• FAANGs blow away their numbers but market reaction muted – why?
  • Triple plays only get half the benefit of the ten year average reaction
  • Stock markets are upper range of valuation
  • Time for stock substitute plays?

FAANGs blow away their numbers but market reaction muted – why?

Although the earnings season is only half over the key FAANG stocks all reported numbers with most blowing out their results well above consensus estimates. Yet the overall market is showing little follow through as the tech heavy Nasdaq trades lower this morning.

Yesterday Amazon was the last of the FAANGs to report numbers and the results did not disappoint with the company reporting earnings at 66% higher than expected with EPS coming in at $15.79 versus $9.64 forecast. With AMZN report coming on the heels of a very big beat by AAPL as well the data suggests that the high tech sector continues to benefit from secular growth even as the pandemic risk recedes.With global economy poised for a massive rebound in the summer the favorable business trends for all the FAANG stock with the exception of NFLX (see our prior report here) should continue.

Triple plays only get half the benefit of the ten year average reaction

Yet the price action of the equity market is  nowhere as ebullient as you would expect it to be.

As Bespoke Research noted, the Triple Plays – stocks that have beaten on top and bottom lines and have raised guidance only gained about one half as much as the ten year average. The muted reaction suggests that the valuation may have gotten ahead of itself and that stocks may chop around for the next quarter or two as investors assess the further  upside of the return-to-normal trade.

Stock markets are at upper range of valuation

As Sven Herich points out,  the US markets are now valued at 205% of the GDP and even if you take out the tech sector the valuation is stratospheric 173% to GDP.

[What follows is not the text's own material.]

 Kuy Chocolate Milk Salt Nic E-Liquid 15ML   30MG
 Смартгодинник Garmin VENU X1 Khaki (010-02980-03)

Time for stock substitute plays?

None of this means that stocks are about to crash as the fundamental support behind the recovery remains sound. But it does suggest that investors should get more defensive despite the seemingly endless stream of good news. Those investors who have captured the upside move since last year’s March lows should consider a stock substitution strategy swapping out their equity positions for 6 month or longer dated options. With volatility relatively the excess premium costs are not onerous and if equities do drop 5% to 10% in a correction much of the short term damage to the portfolio could be avoided. 

The strategy can be further enhanced by selling out of the money calls against the newly purchased options as the best case scenario for the next few months appears to be a slow grind higher given that much of the positive news is already baked in.